Kinuyo Tanaka : cinéaste de premier ordre


Lors de la 12ème édition du festival Lumière, les réalisatrices des quatre coins du monde ont été mises à l’honneur.


Récompensant les réalisatrices les plus contemporaines telles que Jane Campion ou Gessica Généus, le projet de rétrospective sur Kinuyo Tanaka a vu le jour grâce Lili Histin (directrice artistique du festival) et Carlotta Films.


Kinuyo Tanaka a consacré sa vie au cinéma à partir du moment où le Japon autorisa les femmes a exercer le métier d’actrice en 1923. Alors âgée de 14 ans, elle commence à jouer et ne s’arrête plus. Elle apparait dans presque 7 films par an et sera dirigée par les plus grands de son époque tels que Hôtei Nomura et Kiyohiko Ushihara ( fervent élève de Chaplin).


D’abord vedette du muet puis du parlant elle incarne toutes les facettes des femmes de son époque : entre figure traditionnelle ( Dame et voisine en 1931) et jeune femme moderne, émancipée ( Femmes et voyous 1933), son succès se fait cependant à travers les mélodrames amoureux dont elle est l’héroïne.

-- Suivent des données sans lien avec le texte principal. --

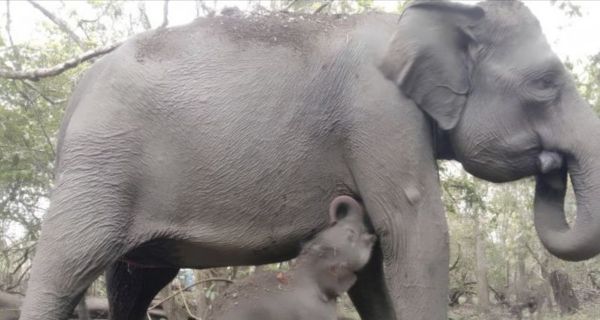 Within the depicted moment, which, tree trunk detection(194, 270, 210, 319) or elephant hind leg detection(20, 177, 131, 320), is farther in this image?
tree trunk detection(194, 270, 210, 319)

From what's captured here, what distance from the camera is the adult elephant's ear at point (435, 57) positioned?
7.40 ft

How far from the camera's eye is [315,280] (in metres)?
2.10

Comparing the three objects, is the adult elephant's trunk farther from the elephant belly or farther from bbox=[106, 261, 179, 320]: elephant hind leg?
bbox=[106, 261, 179, 320]: elephant hind leg

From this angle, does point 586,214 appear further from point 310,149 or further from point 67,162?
point 67,162

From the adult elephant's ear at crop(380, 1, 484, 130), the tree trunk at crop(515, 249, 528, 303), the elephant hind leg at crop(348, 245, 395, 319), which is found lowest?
the tree trunk at crop(515, 249, 528, 303)

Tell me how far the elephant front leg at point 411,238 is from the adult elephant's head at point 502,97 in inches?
9.7

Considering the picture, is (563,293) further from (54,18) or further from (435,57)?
(435,57)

Tous produits par la Shôchiku, Kinuyo Tanaka est accompagnée des incontournables réalisateurs japonais de l’époque dans ces films qui feront d’elle la vedette du Japon. En passant par Heinosuke Gosho auteur du premier film parlant japonais puis Keisuke Kinoshita réalisateur des films de propagandes pendant la guerre Sino-Japonaise, Kinuyo Tanaka change de registre et brille à l’international dans les années 40 grâce à son duo avec Kenji Mizoguchi.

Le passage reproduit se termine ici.